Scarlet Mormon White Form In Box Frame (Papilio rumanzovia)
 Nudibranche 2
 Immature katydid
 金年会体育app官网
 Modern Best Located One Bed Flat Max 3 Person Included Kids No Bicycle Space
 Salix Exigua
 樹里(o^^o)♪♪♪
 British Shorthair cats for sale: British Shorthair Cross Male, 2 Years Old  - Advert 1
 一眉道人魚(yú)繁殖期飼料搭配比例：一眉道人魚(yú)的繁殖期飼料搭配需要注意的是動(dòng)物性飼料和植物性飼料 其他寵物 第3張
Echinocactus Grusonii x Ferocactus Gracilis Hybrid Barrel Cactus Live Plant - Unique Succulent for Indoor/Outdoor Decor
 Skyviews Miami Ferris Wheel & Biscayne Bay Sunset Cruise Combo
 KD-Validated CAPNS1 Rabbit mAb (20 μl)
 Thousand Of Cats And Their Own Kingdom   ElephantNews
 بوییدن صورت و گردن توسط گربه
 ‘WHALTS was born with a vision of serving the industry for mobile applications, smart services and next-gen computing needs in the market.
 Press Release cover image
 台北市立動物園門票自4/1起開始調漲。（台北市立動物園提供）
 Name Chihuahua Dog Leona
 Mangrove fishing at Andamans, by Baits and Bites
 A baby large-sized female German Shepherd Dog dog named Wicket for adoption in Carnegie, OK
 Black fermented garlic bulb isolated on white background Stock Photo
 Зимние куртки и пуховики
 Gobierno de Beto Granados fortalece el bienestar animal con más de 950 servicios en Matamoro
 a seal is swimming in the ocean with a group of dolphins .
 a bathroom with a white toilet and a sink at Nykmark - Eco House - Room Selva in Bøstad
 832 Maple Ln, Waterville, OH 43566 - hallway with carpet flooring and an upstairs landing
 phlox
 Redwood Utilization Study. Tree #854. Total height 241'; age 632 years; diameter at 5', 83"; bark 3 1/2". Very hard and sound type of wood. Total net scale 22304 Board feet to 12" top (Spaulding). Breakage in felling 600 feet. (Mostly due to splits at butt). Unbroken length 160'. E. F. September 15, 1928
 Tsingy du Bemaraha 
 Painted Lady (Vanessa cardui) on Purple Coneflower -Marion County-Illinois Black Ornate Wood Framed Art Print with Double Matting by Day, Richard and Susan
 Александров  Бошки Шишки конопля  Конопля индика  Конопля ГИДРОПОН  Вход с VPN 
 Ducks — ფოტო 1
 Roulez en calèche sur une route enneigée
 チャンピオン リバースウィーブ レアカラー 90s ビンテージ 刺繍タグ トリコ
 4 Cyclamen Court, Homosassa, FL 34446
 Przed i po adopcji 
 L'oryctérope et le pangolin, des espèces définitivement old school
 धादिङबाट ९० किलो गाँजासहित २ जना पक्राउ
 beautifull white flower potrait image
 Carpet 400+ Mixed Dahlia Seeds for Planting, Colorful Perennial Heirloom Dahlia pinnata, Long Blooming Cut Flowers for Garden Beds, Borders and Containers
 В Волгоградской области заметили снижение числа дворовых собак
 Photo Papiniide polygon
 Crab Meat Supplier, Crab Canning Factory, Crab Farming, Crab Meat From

========================================================================

Exercise instructions
The required answer is the exact run of lines above starting at the line with "KD-Validated CAPNS1 Rabbit mAb (20 μl)" and ending at the line with "Redwood Utilization Study.", with both ends present.

Completed exercise
 KD-Validated CAPNS1 Rabbit mAb (20 μl)
 Thousand Of Cats And Their Own Kingdom   ElephantNews
 بوییدن صورت و گردن توسط گربه
 ‘WHALTS was born with a vision of serving the industry for mobile applications, smart services and next-gen computing needs in the market.
 Press Release cover image
 台北市立動物園門票自4/1起開始調漲。（台北市立動物園提供）
 Name Chihuahua Dog Leona
 Mangrove fishing at Andamans, by Baits and Bites
 A baby large-sized female German Shepherd Dog dog named Wicket for adoption in Carnegie, OK
 Black fermented garlic bulb isolated on white background Stock Photo
 Зимние куртки и пуховики
 Gobierno de Beto Granados fortalece el bienestar animal con más de 950 servicios en Matamoro
 a seal is swimming in the ocean with a group of dolphins .
 a bathroom with a white toilet and a sink at Nykmark - Eco House - Room Selva in Bøstad
 832 Maple Ln, Waterville, OH 43566 - hallway with carpet flooring and an upstairs landing
 phlox
 Redwood Utilization Study. Tree #854. Total height 241'; age 632 years; diameter at 5', 83"; bark 3 1/2". Very hard and sound type of wood. Total net scale 22304 Board feet to 12" top (Spaulding). Breakage in felling 600 feet. (Mostly due to splits at butt). Unbroken length 160'. E. F. September 15, 1928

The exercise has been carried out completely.